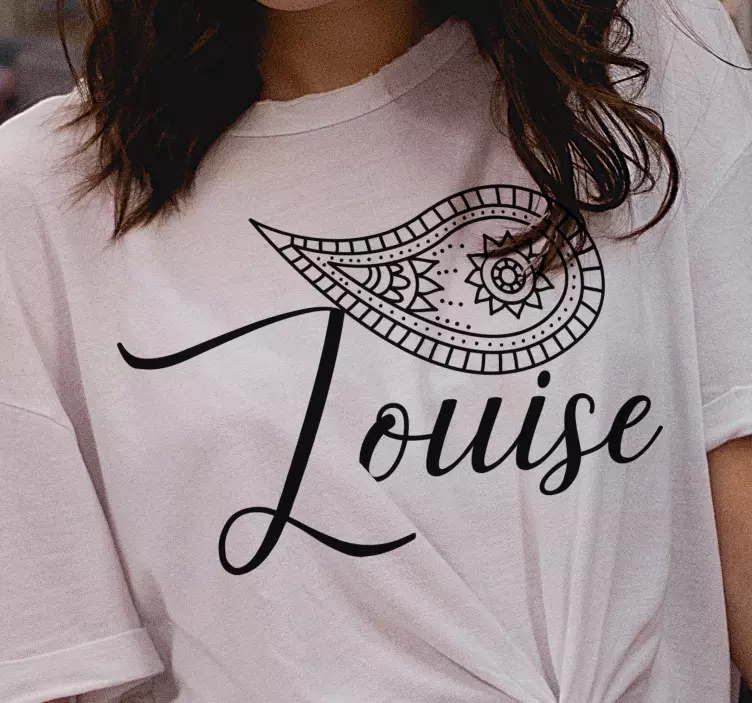Paisley design t-skjorte med navn - Tenstickers
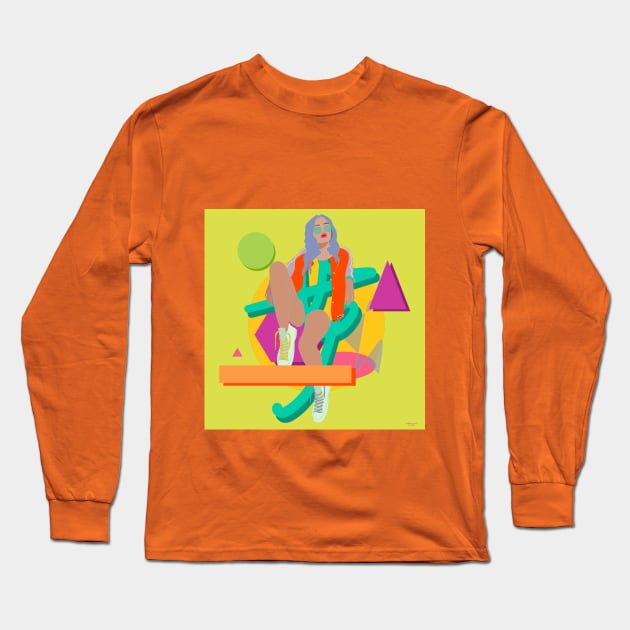 Orange Jacket Long Sleeve T-Shirt by Angelina Taylor 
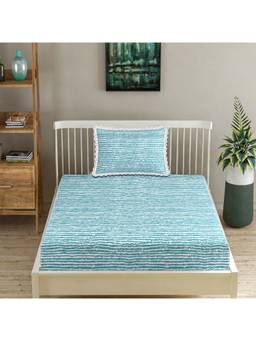 MORADO - Glace Cotton Fitted Single Bedsheet with Pillow Cover , Blue Map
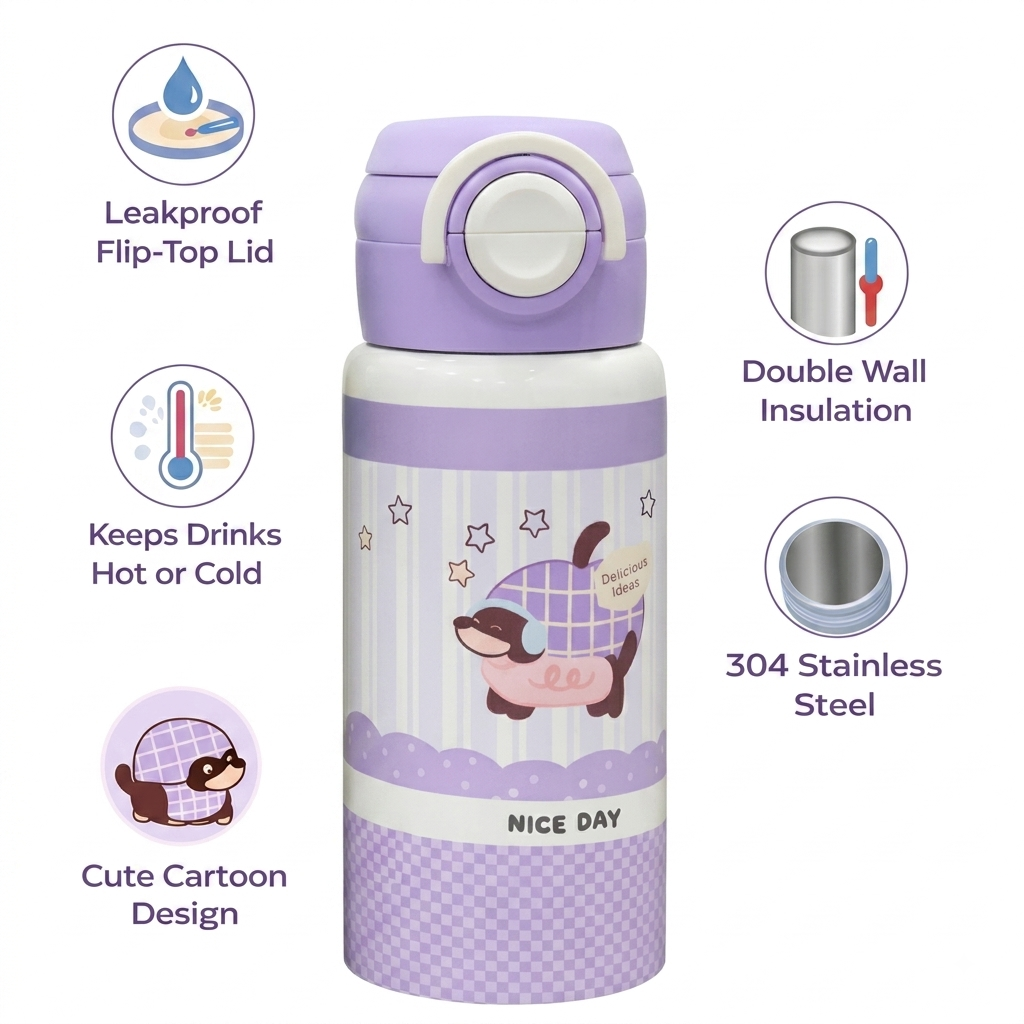 500ml Stainless Steel Vacuum Insulated Water Bottle – Leakproof Kids & Travel Flask - 3814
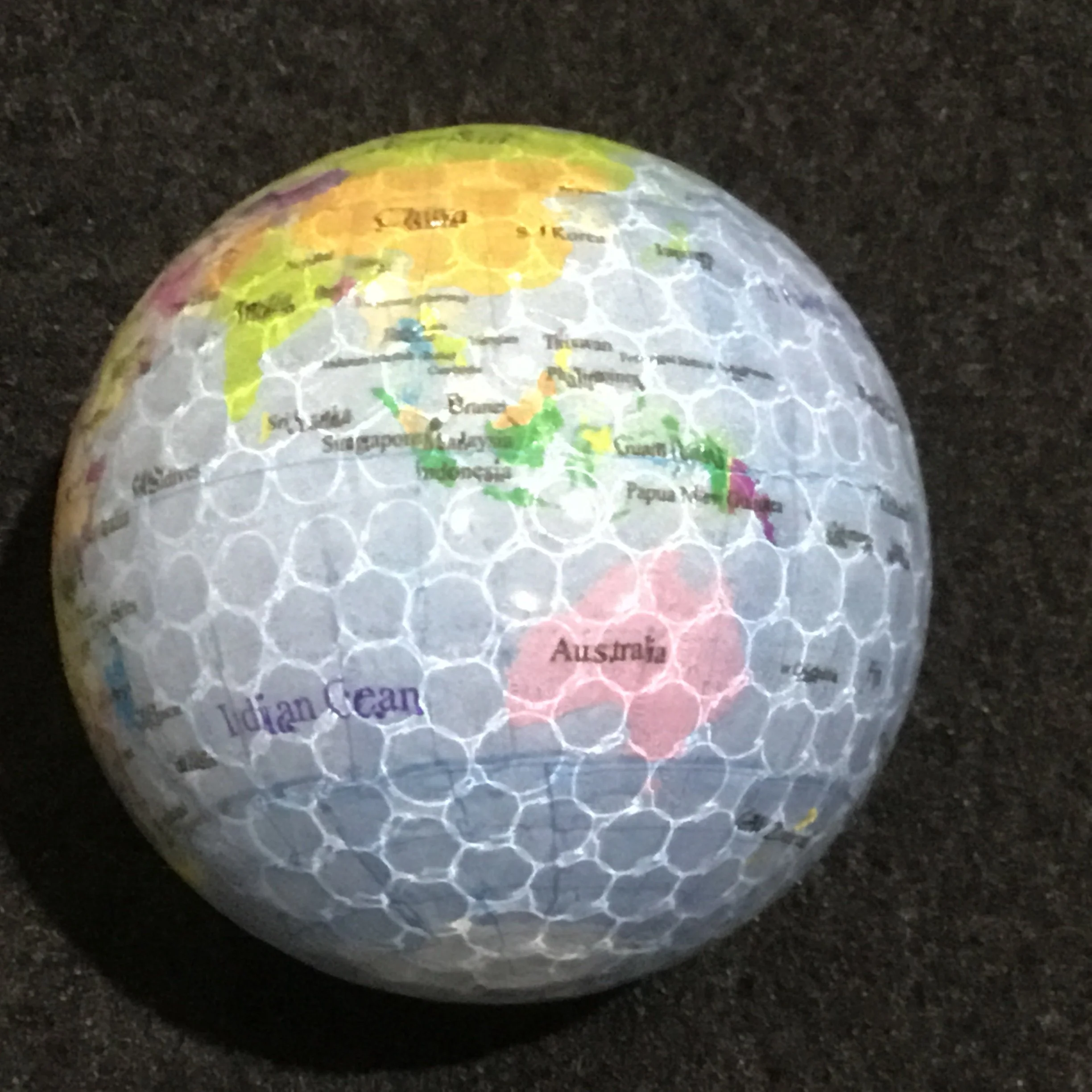 Map of the World Crystal Golf Ball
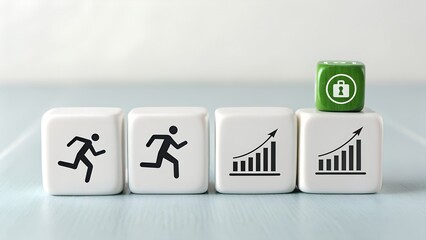 Fototapeta premium Progress cubes with running, growth, and lock icons – Personal development journey, achievement stages metaphor, goal setting visual, security through growth concept, abstract success illustration
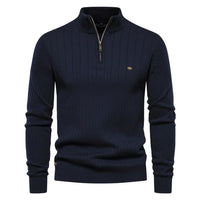 Men's Cotton Quarter-Zip Stand-Collar Sweater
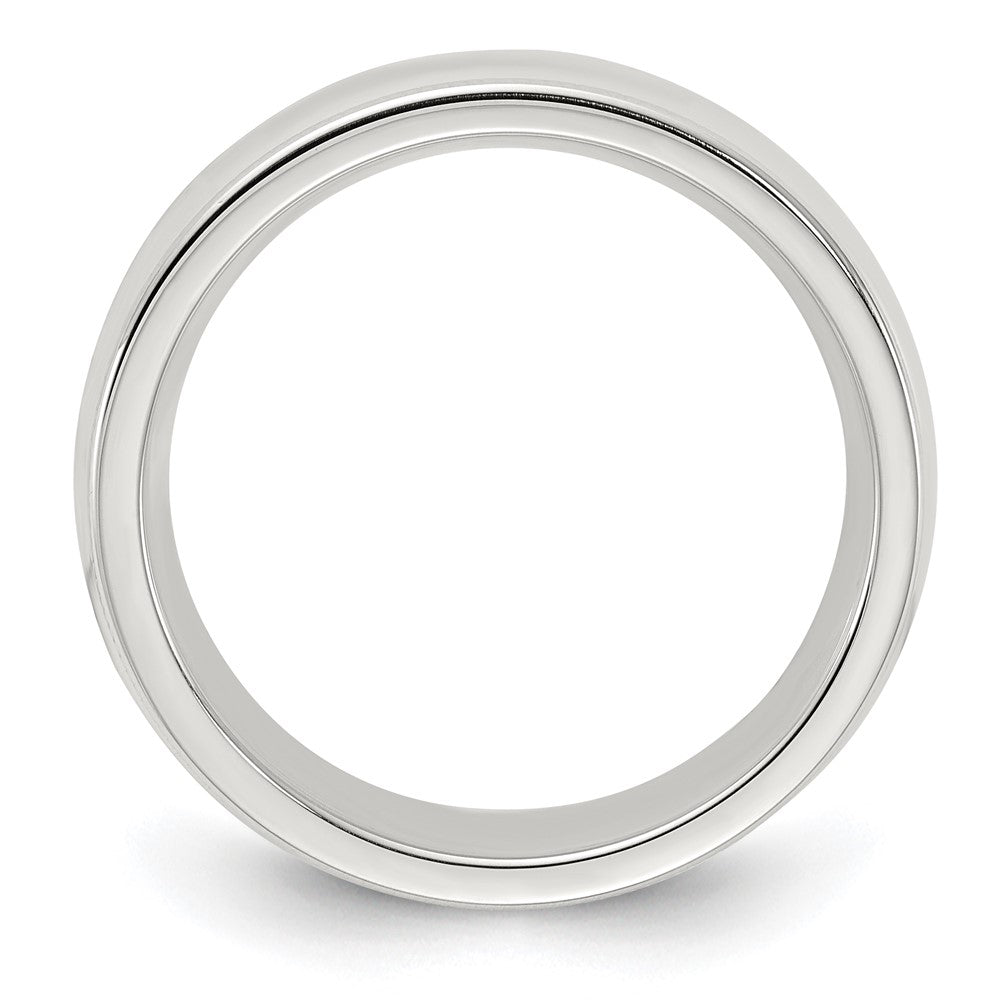 Sterling Silver 6mm Comfort Fit Half Round Milgrain Band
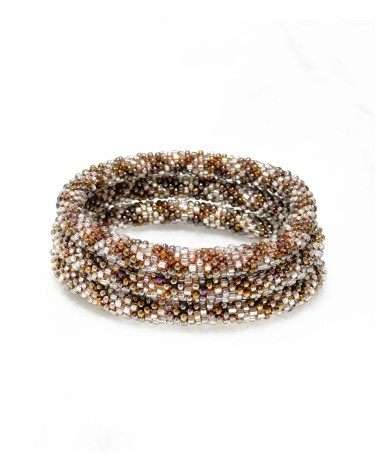 Bracelet népalais - beige - coloré - métallisé - doré - perles - tissé à la main - été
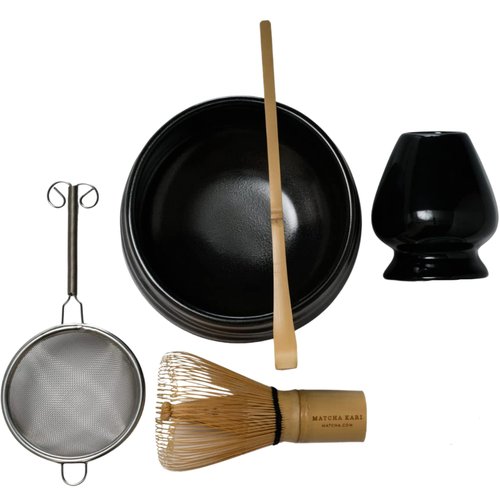 Dr. Weil Matcha Kari - Lite Matcha Tea Set - Black - Whisk with Holder, Scoop, Sifter, and Ceramic Bowl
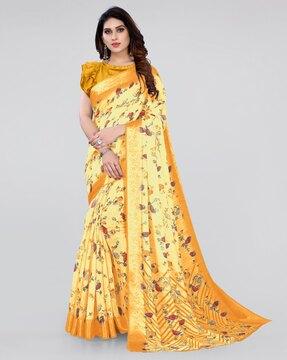 floral print saree with woven border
============================================================
- _PROBLEM REQUIREMENTS_
From the line with "Dr. Weil Matcha" through the end of the listing, write out every line exactly, leaving out the pictures.

- _SOLUTION FOR THIS TASK_
 Dr. Weil Matcha Kari - Lite Matcha Tea Set - Black - Whisk with Holder, Scoop, Sifter, and Ceramic Bowl
 floral print saree with woven border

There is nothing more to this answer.